Pedro de Alvarado conquistó Guatemala con el apoyo de contingentes náhuatls y tlaxcaltecas, marcando una dependencia temprana hacia la Nueva España. Posteriormente, los dominicos controlaban desde Oaxaca los extensos territorios de Guatemala, mientras que los franciscanos dominaban otras regiones, reproduciendo la centralización religiosa en manos externas.
En México, los efímeros imperios de Agustín de Iturbide y Maximiliano de Habsburgo mostraron cómo el poder absoluto podía disfrazarse de proyecto nacional, aunque ambos fracasaron. En Guatemala, Rafael Carrera consolidó un caudillismo paternalista; Justo Rufino Barrios fortaleció a las élites cafetaleras bajo el liberalismo; Manuel Estrada Cabrera instauró una dictadura de larga duración, y Jorge Ubico ejerció un férreo control militar. Tras su caída, los regímenes militares del siglo XX perpetuaron ese autoritarismo bajo el discurso del orden y la seguridad.
La influencia mexicana reforzó estos modelos: el PRI instauró una “monarquía sexenal” que, aunque republicana en apariencia, replicó la concentración de poder.

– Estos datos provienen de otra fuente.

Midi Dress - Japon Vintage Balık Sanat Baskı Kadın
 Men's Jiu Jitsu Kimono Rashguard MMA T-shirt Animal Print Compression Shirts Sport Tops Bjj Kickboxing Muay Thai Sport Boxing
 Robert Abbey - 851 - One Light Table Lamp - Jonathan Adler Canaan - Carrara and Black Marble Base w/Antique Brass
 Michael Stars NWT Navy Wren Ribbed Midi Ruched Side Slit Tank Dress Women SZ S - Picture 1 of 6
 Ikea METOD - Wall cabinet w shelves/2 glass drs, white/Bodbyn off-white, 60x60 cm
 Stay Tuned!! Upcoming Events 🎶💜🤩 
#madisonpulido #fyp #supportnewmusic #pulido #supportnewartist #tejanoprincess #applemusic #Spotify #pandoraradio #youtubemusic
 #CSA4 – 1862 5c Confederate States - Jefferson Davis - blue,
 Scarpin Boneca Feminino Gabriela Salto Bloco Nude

Por eso la libertad sigue siendo un ideal inalcanzable: no se es libre si los pueblos carecen de educación, salud, agua potable y seguridad. El verdadero desafío de México y Guatemala no es temer un regreso a la monarquía, sino romper con la tradición del poder absoluto que ha mantenido a nuestras naciones en la prisión de la desigualdad.